We have a Service Fabric StatefulService
that is running nicely. It consumes messages, processes them and has two IReliableState
s for storing away some data from each message. It will process about 500 messages per minute per replica.
For each message that comes into the MessageProcessor
, we create a new ITransaction
using IReliableStateManager
that is wrapped in a using block, and pass that transaction to the OuterMessageHandler
. After the message has been processed, we do a ITransaction.CommitAsync
or ITransaction.Abort
if something has failed.
OuterMessageHandler
looks like this:
public async Task Handle(ITransaction tx, params Envelope[] messages)
{
foreach (var msg in messages)
{
using (var scope = _scope.BeginLifetimeScope())
{
var contextProvider = scope.Resolve<MessageContextProvider>();
contextProvider.Set(tx);
await innerHandler.Handle(msg);
}
}
}
MessageContextProvider
is simply the below:
internal class MessageContextProvider
{
private ITransaction _tx;
public void Set(ITransaction tx)
{
_tx = tx;
}
public ITransaction GetTransaction()
{
if (_tx == null)
throw new Exception("ITransaction has not been set");
return _tx;
}
}
This is registered with Autofac
:
builder
.Register(c =>
{
var context = c.Resolve<MessageContextProvider>();
return context.GetTransaction();
})
.As<ITransaction>()
.ExternallyOwned();
builder
.RegisterType<MessageContextProvider>()
.AsSelf()
.InstancePerLifetimeScope();
MessageContextProvider
exists simply to allow us to use ITransaction
in all of the InnerMessageHandler
as if it's just a normal dependency, while still just using the same transaction in each message.
ITransaction
is marked as ExternallyOwned
so that the OuterMessageHandler
does not dispose of it before we do a commit within MessageProcessor
.
InnerMessageHandler
s are just handlers to execute our business logic.
IReliableState
has 2 methods SomeType Find(long id)
and Update(long id, SomeType someType)
.
Find method looks like the below:
var snapshotHandler = await _stateManager.GetOrAddAsync<IReliableDictionary<long, SomeType>>(SomeTypeKey);
var snapshot = await snapshotHandler.GetOrAddAsync(
_transaction,
Id,
new SomeType());
return snapshot;
Update looks like this:
var snapshotHandler = await _stateManager.GetOrAddAsync<IReliableDictionary<long, SomeType>>(SomeTypeKey);
await snapshotHandler.SetAsync(_transaction, Id, snapshot);
When we throw a lot of requests at the service, all replicas stay well below 1% CPU usage. After about an hour, one of the replicas gets to around 30%-35%. When we stop the tests from hitting the service (i.e., the service is now sitting idle), CPU usage still stays between 30-35%. It would be fine if we had spikes and went back down, but continuous high CPU usage is the problem.
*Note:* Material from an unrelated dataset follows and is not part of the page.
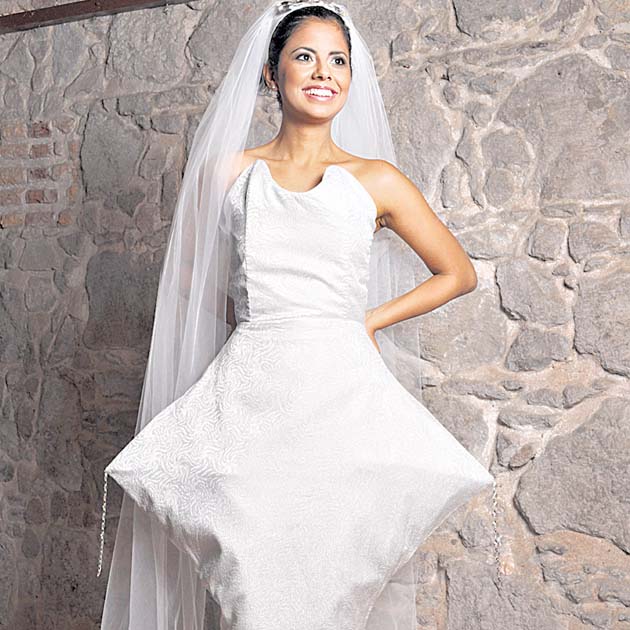 Vestido de novia. La diseñadora Yael Toro se inspiró en los paraguas para dar la forma a este innovador vestido de novia que armoniza detalles clásicos de la moda de época con el vanguardismo de su creadora.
From our investigation, we have replaced the 2 IReliableState's with just 2 in memory ConcurrentDictionary's. This solved the issue. We could run it for hours and nothing will rise above 2% CPU usage. This is obviously not a solution as we need the internal state persisted for resilient reasons.
We have used PerfView and dotTrace to see what is happening and not much valid information has been coming up.
At this point I believe it is something to do with how we use either IReliableDictionary or ITransaction. Anyone having similar issues? Could anyone shed some light on what we could possibly be doing wrong?
Edit
One of the ReliableState
repositories (lets call it state2
) had the Find method slightly differently. It looked like the below:
var snapshotHandler = await _stateManager.GetOrAddAsync<IReliableDictionary<long, SomeType2>>(SomeTypeKey2);
var snapshot = await snapshotHandler.TryGetValueAsync(
_transaction,
Id);
if(snapshot.HasValue)
return snapshot.Value.Clone(); // Clone is a deep copy
var stateFromSomeApi = await someApi.GetStartState(id);
await snapshotHandler.SetValue(_transaction, Id, stateFromSomeApi);
return stateFromSomeApi ;
We changed it to do the following:
public async Task<SomeType2> Find(long id)
{
var snapshotHandler = await _stateManager.GetOrAddAsync<IReliableDictionary<long, SomeType2>>(
SomeTypeKey2);
var snapshot = await snapshotHandler.GetOrAddAsync(
_transaction,
id,
await GetStartState(id));
return snapshot.Clone();
}
private async Task<SomeType2> GetStartState(long id)
{
return await _someApi.GetStartState(id);
}
We changed state2
to do a GetOrAddAsync
and it is working perfectly fine. Why would doing TryGetValueAsync
and SetValue
instead of GetOrAddAsync
have threads hang around so much? We have tested it with nearly double the production load and CPU stays well below 5% on each primary replica.